Pronto. Sem precisar enfrentar a instância do TRF de São Paulo e
por via oblíqua, eis que a Reclamação que apresentou ao STF não foi aceita no
tocante ao mérito da competência para tirar das mãos do juiz paulista o
processo que o levou à prisão, Paulo Bernardo conseguiu que o STF, por seu
ministro Dias Toffoli, o libertasse.
LEI E RAZOABILIDADE – Realmente o artigo 654, § 2º do CPP diz: “Os juízes e os
tribunais têm competência para expedir de ofício ordem de habeas corpus, quando
no curso do processo verificarem que alguém sofre ou está na iminência de
sofrer coação ilegal”.
Embora o comando deste artigo seja seco, é plausível e razoável
interpretar que Habeas Corpus de ofício somente é para ser dado quando os
juízes e os tribunais também tiverem competência para decidir o mérito da
causa. Fora disso, ou seja, sem esta competência, juízes e tribunais devem
remeter os autos ao juízo competente. Isto é, declinar da competência e, sem
libertar o réu preso, enviar os autos do processo para a autoridade ou órgão
judicial competente. A este, sim, é quem competirá decidir sobre a libertação
do preso. E no caso Paulo Bernardo, o órgão competente era –e continua sendo –
o Tribunal Regional Federal de São Paulo.
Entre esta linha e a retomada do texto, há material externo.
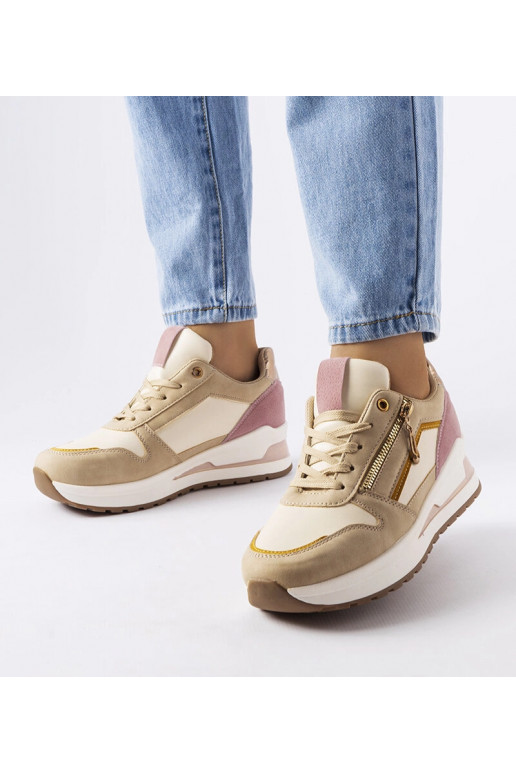 Delid beige og pink sportssneakers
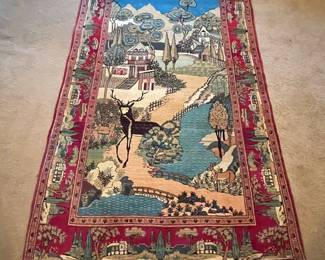 R108 - $500 - FIRM. No tag but I believe it is a hand knotted Persian Kashan Rug. Measures 52" x 83"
Caso contrário, um Habeas Corpus de
réu preso pela Justiça do RJ e apresentado ao Tribunal de Justiça do Estado do
Acre será recusado, evidentemente, por incompetência territorial. Mas o TJ do
Acre poderá mandar soltar o preso, mediante Habeas Corpus de ofício! Basta que
os fundamentos sejam fortes e a prisão se mostre escancaradamente injusta.
FATO INÉDITO – Isso nunca aconteceu na história do Judiciário nacional. Mas
quem garante que doravante não acontecerá? No caso Paulo Bernardo, o ministro
Toffoli declarou a incompetência do STF para julgar o mérito. Não, para
conceder o HC de ofício. E nem enviou os autos ao TRF paulista para que os
recebesse na classe-categoria de Habeas Corpus. E os retém no STF, com o réu já
libertado.
Não vai aqui nenhuma censura à decisão do ministro. O propósito
deste modesto artigo é provocar o debate sobre tão relevante tema. No
ordenamento jurídico não há outro meio de levar a questão da prisão do Paulo
Bernardo à analise pelo STF. Por enquanto, por ora. E a via escolhida, a via
oblíqua, equivaleu a um bem sucedido triplo mortal carpado, como fazem os
especialistas em saltos ornamentais.